Two extremely scarce prints from William H. Johnson’s Jitterbugs series will make their auction debut with African-American Fine Art on April 5. The series was conceived and executed during Johnson’s tenure in New York in the early 1940s, during the Harlem Renaissance. The series of five images constitutes a significant portion of the 17 known screenprints Johnson made. He worked in the medium for only three years until tragedy struck in 1943: his Danish wife, Holcha Krake, was diagnosed with breast cancer and died just a few months later. It’s impossible to know for sure if these events are related, but the timing is certainly suggestive.
Jitterbugs II
The theme of dancing in a Harlem nightclub was a frequent motif in Johnson’s oeuvre–a circa 1941 gouache, also titled Jitterbugs, is in the collection of the Smithsonian American Art Museum.

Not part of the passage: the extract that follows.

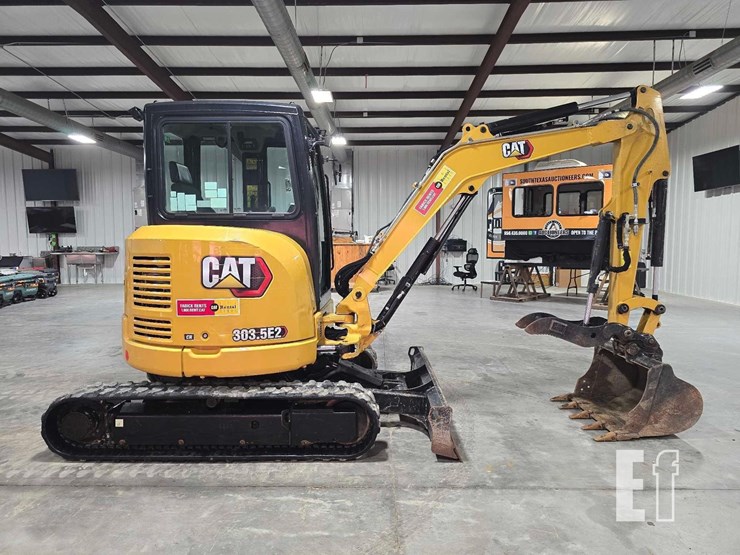 2021-caterpillar-303.5e2-cr-image-6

According to the Metropolitan Museum of Art, fellow artist and friend of Johnson, Romare Bearden, said of their time in Harlem: “Three nights a week, we were at the Savoy Ballroom. Charlie Buchanan, who ran the place, liked artists to come to the Savoy. The best dancing in the world was there, and the best music. When we left the Savoy, we’d go to the after-hours spots….They called us the Dawn Patrol. We moved till dawn, from one after-hours spot to another.”
There is a printed advertisement for a football game on the verso; the proof in the collection of the Museum of Modern Art has the same. We know of ten other impressions of Jitterbugs II in public collections: three in the Smithsonian American Art Museum, and other impressions in the Art Institute of Chicago, the Amon Carter Museum, the Cleveland Museum of Art, the Library of Congress, the Metropolitan Museum of Art, the Museum of Modern Art and the Philadelphia Museum of Art. These are experimental and painterly prints, using both screens and pochoir (hand-colored stencils). Each impression is are reminiscent of proofs, and has a slightly different registration.
Jitterbugs III
Also offered is Jitterbugs III. Like its counterpart, this print has never before appeared at auction. On the verso is a another printing of the same image, emphasizing the proof-like nature of the series.
We have located only four other impressions of Jitterbugs III in public collections: one each at the Library of Congress (identified as Jitterbugs I) and the Amistad Research Center (identified as Jitterbugs II), and two at the Smithsonian American Art Museum. One of the Smithsonian’s examples, like the one offered here, bears the image on both sides of cardstock.